The PDF was created directly from scanner at 180 dpi in Text mode with OCR under which is just a matter of checking a box in the setup page. I did not optimize the image area to eliminate white space but will do so in the book proper. That can also be done after the fact.

Adobe Acrobat 8 Pro requires XP Service Pack 2 to install, but I have found that once installed, you can uninstall SP2 if you wish and Adobe still runs without any apparent problems.

I would expect previous releases of Acrobat to give similar results, and I think Version 7 is on MadHatter. Whereas I got mine at Bangkok's IT Mall. About $5.

Unfortunately it is pretty necessary to disassemble the book to get really good scans.

[Edited on 4-8-2007 by Sauron]

Attachment: fmtocintro.pdf (545kB)
This file has been downloaded 2510 times


Lambda - 4-8-2007 at 14:07

Nice Scans @Sauron, a neat Job !

In "PaintShop Pro", what I do, is to select only the "Text Window", and then to save it in TIFF-Format. In this way the Image will cover the whole Page-Format. A few Centimeters left free "above", "under", "left" and "right" can be done by copying and pasting the selection onto a fresh new page, and then to saved it again as TIFF-Image. A "Raster" can be used to align it all out neatly when pasting the Image, just make shore that it is turned "off" when saving the new Image.

By using "PaintShop Pro", spots, smudges, and even slightly rotating the image to alline the whole out neatly can easily be performed.

I "print out" and "Book Bind" my scans, so free space at the sides of the "Text-Window" becomes important, especially at the binding edges where two pages interleave. The Book will then not have to be forcefully bent open to read the adjacent interconnecting Text Parts. Also, after Binding all the Pages together, the Book is then cut on three sides, namely the "outer side", "above" and "under side". Only then do I "past on" the Cover which has already been cut to the appropriate size, slightly bigger (~0.5cm on all free sides) than the Format of the "Book-Page-Window".

Scanning the Book in;

This can be done in two ways, directly via a scanner device (there are many kinds and techniques), or by means of Photocopying the Book and feeding the Scans through a Scanner. Very important is it not to damage the original Book, for I personally consider this to be a crime (there are worse things, I know). In order not to damage the Book Spine, it should not be forcefully bent open, especially "Glued-Cover" Books, the ones that are not Sewn and have a Soft Cover (Paper Backs).
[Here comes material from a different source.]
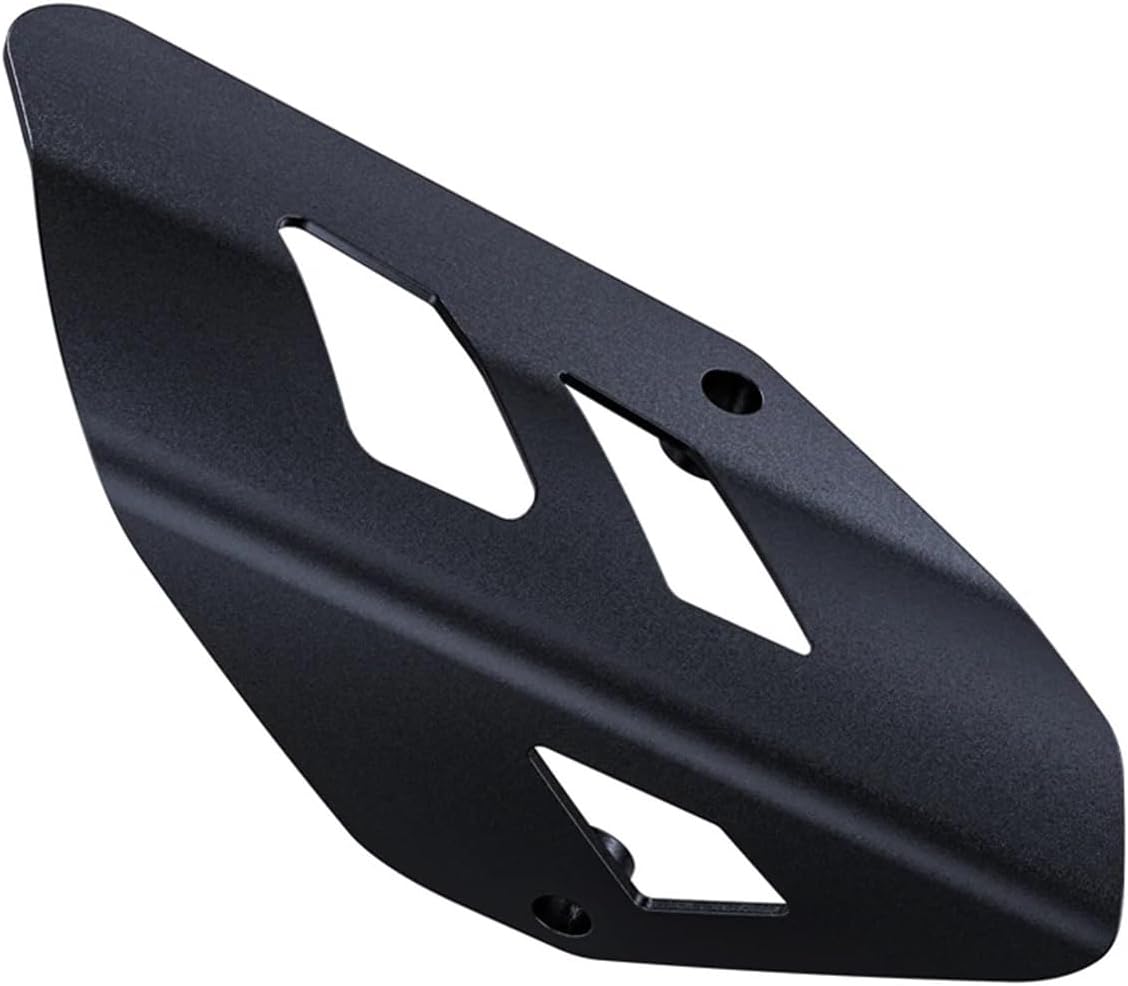 R7 MT07 700 7 GT -R7 FZ07 MT-07 Motorcycle Accessories Muffler Protector Heat Shield Exhaust Pipe Guard(Blue)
Luckily, "sort minded people" have thought out a manner to do this by keeping the Book undamaged. There are Photocopying devices that take images from the edge, meaning that the Book may be bent over the sides at an angle of about 90 Degrees or slightly more, as not to force the Book open 180 Degrees. The Binding Edges and Cover (Spine) are thus not subjected to damaging stressful forces which may ruin the Book. A few examples of what I mean, can be performed by the following Scanners;


HP PlusTek3600

HP PlusTek3600 Scanner is Designed for Book Scanning for $318 (zero edge scanning);
http://gizmodo.com/gadgets/gadgets/copyright+violating-scann...

Plustek Opticbook 3600 Book Scanner for $319.99 (zero edge scanning);
http://www.tigerdirect.ca/applications/SearchTools/item-deta...
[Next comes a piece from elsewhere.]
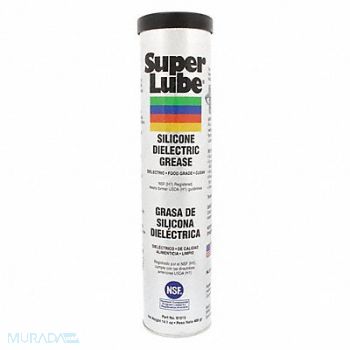 SUPER LUBE Silicone Dielectric Grease 400g, 44N728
The Microtek ScanMaker s450 for only $99 (Zero Boundary Design);
http://www.photonewstoday.com/?p=4879

And here are a few links on how to digitize books;

How to Digitize a Book (Interesting, but he buggers up the book !!);
http://www.jaml.com/eBook/

How to scan a book (Again !!);
http://www.proportionalreading.com/scan.html

Book scanning;
http://en.wikipedia.org/wiki/Book_scanning

There is a lot more to be said about Book Scanning and Book Binding, and hopefully this thread will continue with for instance commentary and advice by @S.C. Wack and @Mephisto who both do a hell of a job. There are also others, but the two above mentioned which come to mind are known to produce quality work in this field.

Regards,

Lambda.

[Edited on 6-8-2007 by Lambda]

Sauron - 4-8-2007 at 17:46

I'm at a point with my eyesight where I have a hard time reading hardcopy of anything and it is far easier to read on a 19 inch flat panel, so scanning for me is no longer a luxury. It's a necessity.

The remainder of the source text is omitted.